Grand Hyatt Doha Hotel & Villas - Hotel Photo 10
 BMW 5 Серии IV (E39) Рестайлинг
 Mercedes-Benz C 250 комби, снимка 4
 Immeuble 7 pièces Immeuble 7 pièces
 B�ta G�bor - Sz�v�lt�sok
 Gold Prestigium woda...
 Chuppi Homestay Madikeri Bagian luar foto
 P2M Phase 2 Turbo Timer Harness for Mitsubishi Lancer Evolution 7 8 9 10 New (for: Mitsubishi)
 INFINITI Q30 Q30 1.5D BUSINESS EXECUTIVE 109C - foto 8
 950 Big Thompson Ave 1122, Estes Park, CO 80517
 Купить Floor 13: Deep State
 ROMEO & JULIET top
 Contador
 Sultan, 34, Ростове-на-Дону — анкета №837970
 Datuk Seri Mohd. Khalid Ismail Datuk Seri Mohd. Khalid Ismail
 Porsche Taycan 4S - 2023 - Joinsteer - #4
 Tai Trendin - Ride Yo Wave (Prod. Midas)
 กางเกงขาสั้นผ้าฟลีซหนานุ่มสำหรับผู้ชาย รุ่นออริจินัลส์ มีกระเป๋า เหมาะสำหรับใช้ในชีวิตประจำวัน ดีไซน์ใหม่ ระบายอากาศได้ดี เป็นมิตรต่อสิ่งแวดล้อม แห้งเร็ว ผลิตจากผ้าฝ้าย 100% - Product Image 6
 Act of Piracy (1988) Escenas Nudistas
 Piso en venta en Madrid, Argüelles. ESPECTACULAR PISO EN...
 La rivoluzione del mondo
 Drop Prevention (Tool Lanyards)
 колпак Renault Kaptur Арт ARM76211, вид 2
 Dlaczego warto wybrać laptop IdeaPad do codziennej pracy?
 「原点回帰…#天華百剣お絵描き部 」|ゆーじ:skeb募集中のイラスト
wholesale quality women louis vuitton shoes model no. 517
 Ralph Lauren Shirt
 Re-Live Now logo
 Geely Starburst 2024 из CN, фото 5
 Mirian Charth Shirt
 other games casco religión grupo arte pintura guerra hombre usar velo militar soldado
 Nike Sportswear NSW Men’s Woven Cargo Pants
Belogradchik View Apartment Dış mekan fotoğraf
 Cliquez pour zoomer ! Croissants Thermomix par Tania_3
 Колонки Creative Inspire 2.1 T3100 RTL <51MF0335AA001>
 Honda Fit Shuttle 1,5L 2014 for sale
###
In full and without edits, return the listing.

Grand Hyatt Doha Hotel & Villas - Hotel Photo 10
 BMW 5 Серии IV (E39) Рестайлинг
 Mercedes-Benz C 250 комби, снимка 4
 Immeuble 7 pièces Immeuble 7 pièces
 B�ta G�bor - Sz�v�lt�sok
 Gold Prestigium woda...
 Chuppi Homestay Madikeri Bagian luar foto
 P2M Phase 2 Turbo Timer Harness for Mitsubishi Lancer Evolution 7 8 9 10 New (for: Mitsubishi)
 INFINITI Q30 Q30 1.5D BUSINESS EXECUTIVE 109C - foto 8
 950 Big Thompson Ave 1122, Estes Park, CO 80517
 Купить Floor 13: Deep State
 ROMEO & JULIET top
 Contador
 Sultan, 34, Ростове-на-Дону — анкета №837970
 Datuk Seri Mohd. Khalid Ismail Datuk Seri Mohd. Khalid Ismail
 Porsche Taycan 4S - 2023 - Joinsteer - #4
 Tai Trendin - Ride Yo Wave (Prod. Midas)
 กางเกงขาสั้นผ้าฟลีซหนานุ่มสำหรับผู้ชาย รุ่นออริจินัลส์ มีกระเป๋า เหมาะสำหรับใช้ในชีวิตประจำวัน ดีไซน์ใหม่ ระบายอากาศได้ดี เป็นมิตรต่อสิ่งแวดล้อม แห้งเร็ว ผลิตจากผ้าฝ้าย 100% - Product Image 6
 Act of Piracy (1988) Escenas Nudistas
 Piso en venta en Madrid, Argüelles. ESPECTACULAR PISO EN...
 La rivoluzione del mondo
 Drop Prevention (Tool Lanyards)
 колпак Renault Kaptur Арт ARM76211, вид 2
 Dlaczego warto wybrać laptop IdeaPad do codziennej pracy?
 「原点回帰…#天華百剣お絵描き部 」|ゆーじ:skeb募集中のイラスト
wholesale quality women louis vuitton shoes model no. 517
 Ralph Lauren Shirt
 Re-Live Now logo
 Geely Starburst 2024 из CN, фото 5
 Mirian Charth Shirt
 other games casco religión grupo arte pintura guerra hombre usar velo militar soldado
 Nike Sportswear NSW Men’s Woven Cargo Pants
Belogradchik View Apartment Dış mekan fotoğraf
 Cliquez pour zoomer ! Croissants Thermomix par Tania_3
 Колонки Creative Inspire 2.1 T3100 RTL <51MF0335AA001>
 Honda Fit Shuttle 1,5L 2014 for sale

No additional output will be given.